According to an answer here https://mathoverflow.net/questions/25993/sets-with-positive-lebesgue-measure-boundary, if we construct a 'fat' Cantor set by removing the middle open interval of length $\frac{1}{4}$ from $[0,1]$, then removing the $2$ middle length $\frac{1}{4^2}$ open intervals from the remaining intervals, and so on (so that the end result is a Cantor set with measure $\frac{1}{2}$), then the sets:
$$U = \bigcup \{ \text{open intervals removed on odd-numbered steps} \}$$
$$V = \bigcup \{ \text{open intervals removed on even-numbered steps} \}$$
have the fat Cantor set as their common boundary. I fail to see this, can anyone please give me a hint?
Best Answer
This has nothing to do with the Cantor set being fat. Your Cantor set $C$ is the nested intersection $C= \bigcap_{n=0}^{\infty}C_n$ of sets of the form $$C_n=I_{n,1}\cup\dots\cup I_{n,k_n}\text{,}$$
where $I_{n,j}$ are disjoint closed intervals.

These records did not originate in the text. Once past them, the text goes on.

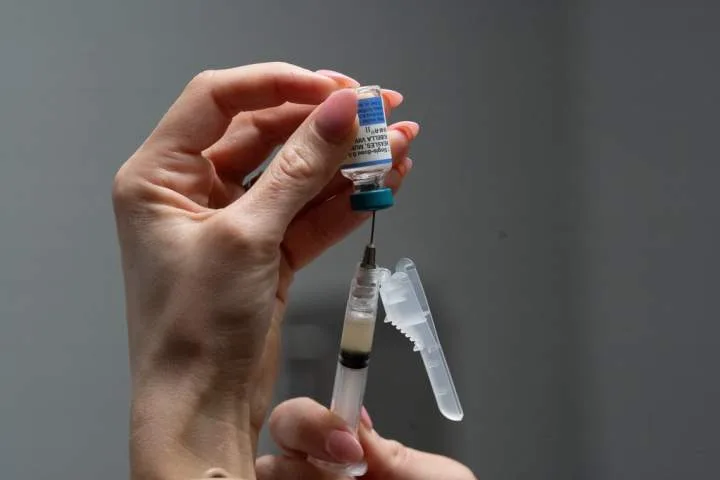 B.C. officials urge kids to return to school with up-to-date vaccines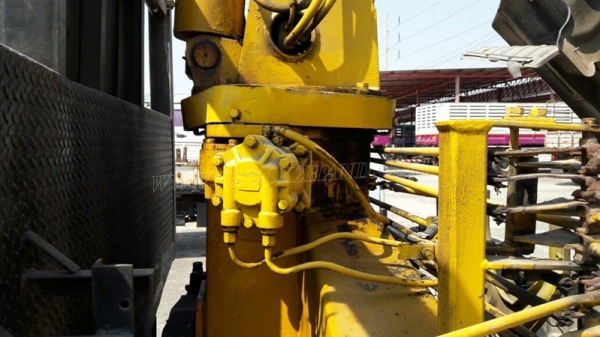 รถบรรทุกติดเครน ยี่ห้อ HINO   รุ่น FF173A ปีจดทะเบียน 2544 มีภาพวีดีโอประกอบการตัดสินใจด้วยครับ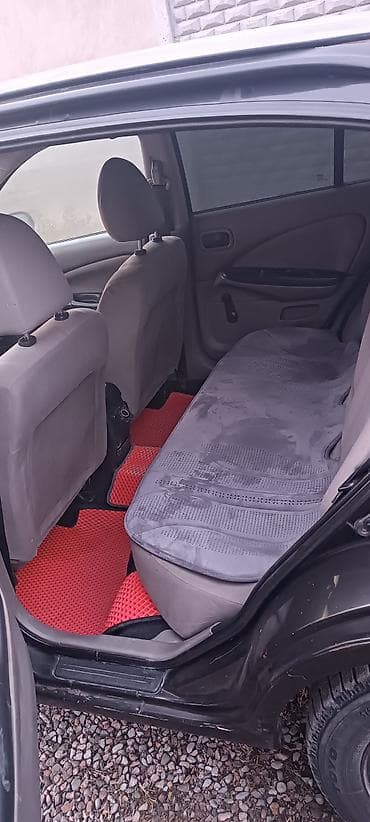 new beetle: Nissan Almera: 2002 г., 1.8 л, Автомат, Бензин, Хэтчбэк — 4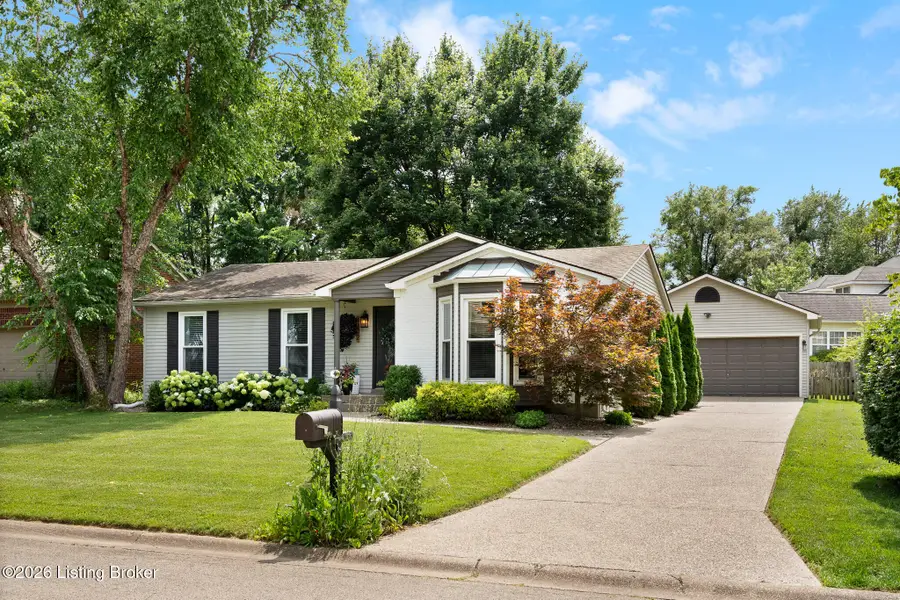 4302 Holly Tree Dr, Louisville, KY 40241 - #2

Furthermore, each point in the Cantor set is a nested intersection of some of these intervals.
In the construction of the Cantor set, every one of these closed intervals is eventually punctured many times by intervals from $U$ and $V$, and thus each interval $I_{n,j}$ intersects both $U$ and $V$.
Since each point in $C$ is a nested intersection of smaller and smaller intervals that touch both $U$ and $V$, we get $C\subseteq \bar{U}$, $C\subseteq \bar{V}$. Since $C\cap U=\emptyset = C\cap V$, we have $C\subseteq \partial U$ and $C\subseteq \partial V$.
On the other hand, since $U$ and $V$ are open and disjoint from each other, we must have $\partial U\subseteq C$ and $\partial V \subseteq C$.